About the only common thing I can find between all the ESP02 modules is that they have 4 pins on each side, a U.fl connector, and an ESP8266 jammed somewhere on the board.  There are otherwise some significant differences between modules sharing the same name.  So make sure yours has the pins you want, and double check the pinout for your module!  I think the blue ones are all the same and the red ones are vary, but seriously, double check.  There are quite a few variants out there.

Why am I using this particular module (the blue ESP02)?  I need both an external antenna port (for remote nodes) and the ability to control the power state.  Internal antennas are nice, but won’t work for the ranges I’m hoping to play with - I may need panel antennas for some of my nodes.

This is the pinout for mine (and almost certainly not yours).  I’m not using GPIO0 or GPIO2, but it has the all-important (to me) CH_PD pin brought out.

CH_PD is the powerdown pin.  Bring it high (~3.3V), the chip powers on.  Drag it low (~0V), and the unit powers off.  Since I’m putting this into a solar powered box that lives in my lawn or garden, low power modes are really important.  There’s no point in keeping a 50mW radio powered up 100% of the time if I’m using it once an hour.  More importantly, I don’t have the power budget for that in the winter.

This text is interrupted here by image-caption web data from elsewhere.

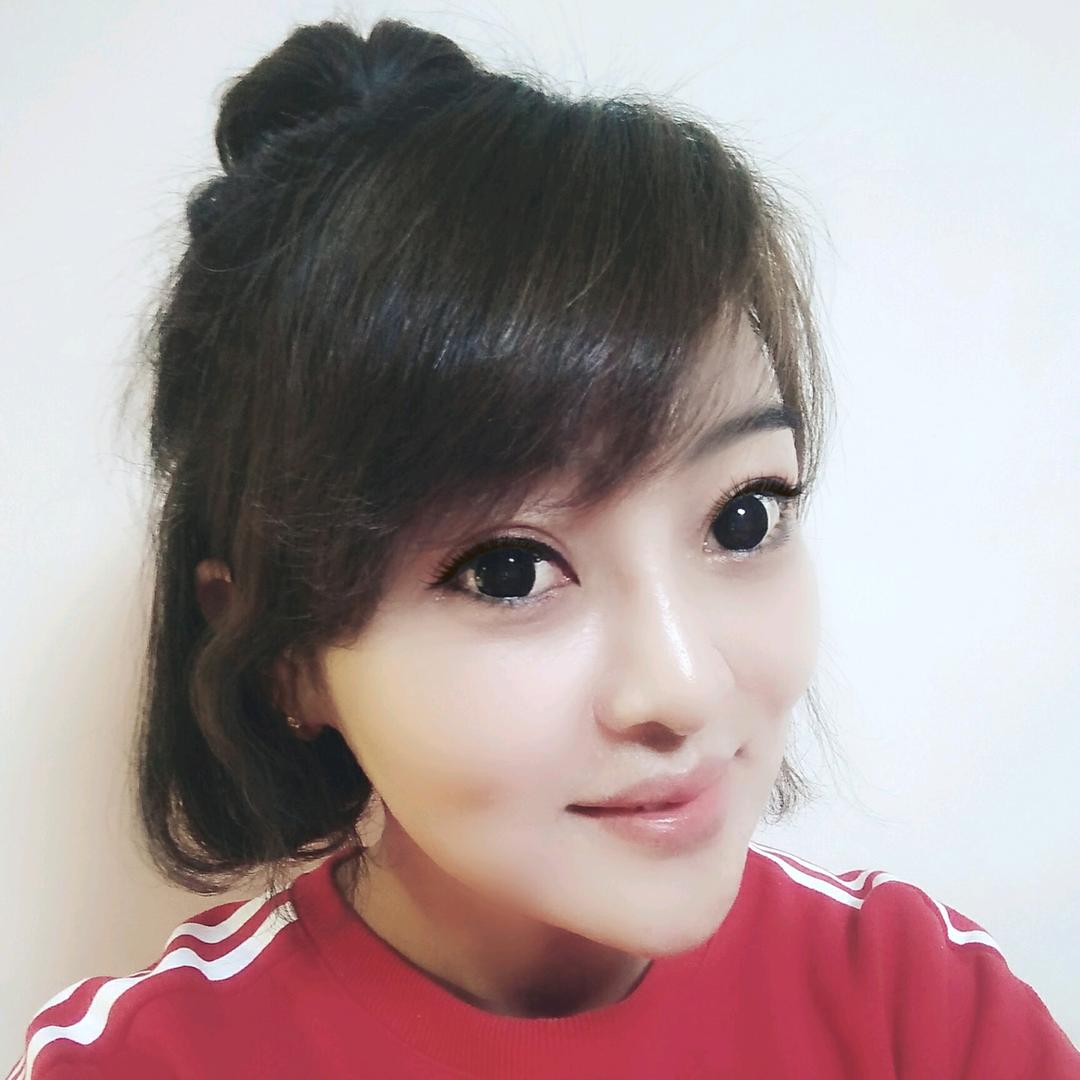 三月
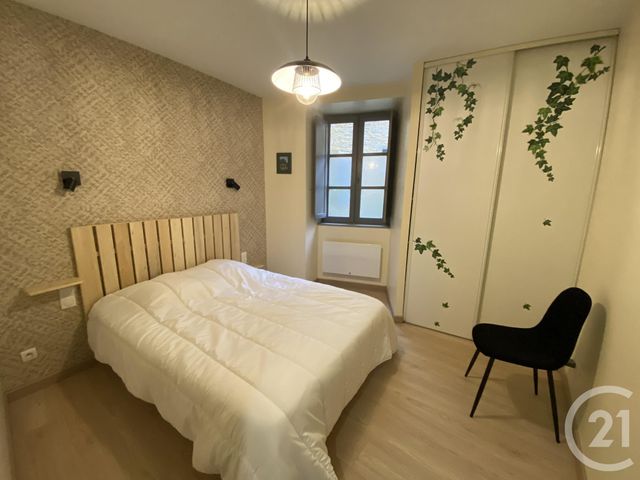 Appartement &agrave; louer - 3 pi&egrave;ces - 58,77 m2 - Sarlat La Caneda - 24 - AQUITAINE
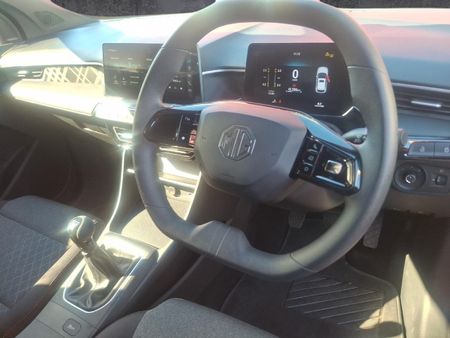 2026-MG-MG3-15-Comfort_12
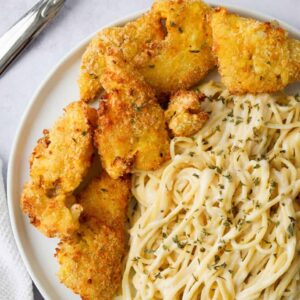 Pasta w/ cream sauce(chik, Beef, fish)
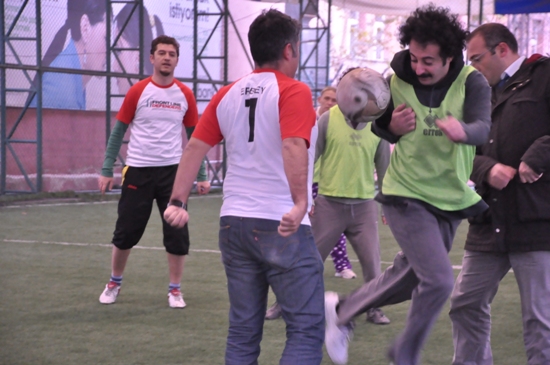 Homofobi Karşıtları Kazandı! | Kaos GL - LGBTİ+ Haber Portalı Haber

Attaching Headers to the ESP02

The ESP02 form factor has 4 pins on each side with a standard 2.54mm spacing (or, for something that makes radically more sense, 0.1” spacing).  I’ve got a bunch of breakaway headers that are just perfect for something like this.

Breadboards are useful for many things, including holding headers in place while soldering.  Really, just find a method that works.  You can do it freehand if you want as well, since as soon as the first pin is secure, the pins on that side aren’t going anywhere.

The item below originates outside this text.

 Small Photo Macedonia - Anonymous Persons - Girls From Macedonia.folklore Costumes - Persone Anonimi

It’s not the prettiest job I’ve ever done, and it’s still wet with flux, but it’s good to go.  One of these days I’ll find a flux pen that I can control…

Testing and Power Analysis

Before I actually go about putting this onto something permanent, it would be useful to test it, right?

Beyond just testing, there’s also configuring the serial baud rate.  The ESP02s I got ship configured for 115200 baud - which is quite a bit faster than the software serial interface on the Arduino can reliably handle (the hardware interface is fine up there, but I’m going to run this with software serial).  I need to reconfigure them for 9600 baud before I put them into a board.  Also, if you store the wireless SSID/key to the ESP8266 flash, you don’t need to include that in your Arduino sketch - so there’s some potential space savings…

If you want to talk to one of these, you’ll need a USB-to-serial converter that supports 3.3V signaling (on paper - in reality, 5V is fine), a 3.3V voltage regulator (they’re not 5V tolerant for VCC, and your serial adapter won’t power them), a stripped USB cable for a 5V power source feeding the regulator (or some other way to get 3.3V into the board), and some jumpers to wire everything up.

This setup also allows for easy testing of power draw.  Idle, my ESP02 draws about 45-50mA (of either 3.3V or 5V - my regulator isn’t fancy, so it just wastes the difference as heat), with a floodping power draw of around 80mA.  This would be higher at a longer distance, but it gives me an idea of what I’m working with.

Powered down?  0.0mA (per my meter).  I’m sure it’s drawing something, but it’s so little as to not matter.

I also learned that while you can leave the RST pin floating, it’s a better idea to tie it high.  Grounding it will reset the unit (it pulls about 30mA while RST is low - so not the same as powering it down), but leaving important pins floating can cause erratic behavior - so just tie it high.

If you just want something that will just talk to it over serial (highly recommended), you can build something on a much smaller breadboard.  That’s a FDTI serial adapter wired in, and power from a USB hub.  I leave this board wired up and can drop a module in whenever I need to talk to one.  Yes, RST is floating.  It’s probably fine.

Wiring is pretty simple.  Get yourself a 5V rail from a USB power cable (strip one, build one, whatever), run this into the LM1117 voltage regular, run 3.3V and ground into the ESP02.  Connect the TX pin on the ESP02 to the RX pin on your serial adapter, and the same for other direction.  Tie CH_PD to 3.3V, and if you’re feeling thorough, tie RST to 3.3V.  You’re good!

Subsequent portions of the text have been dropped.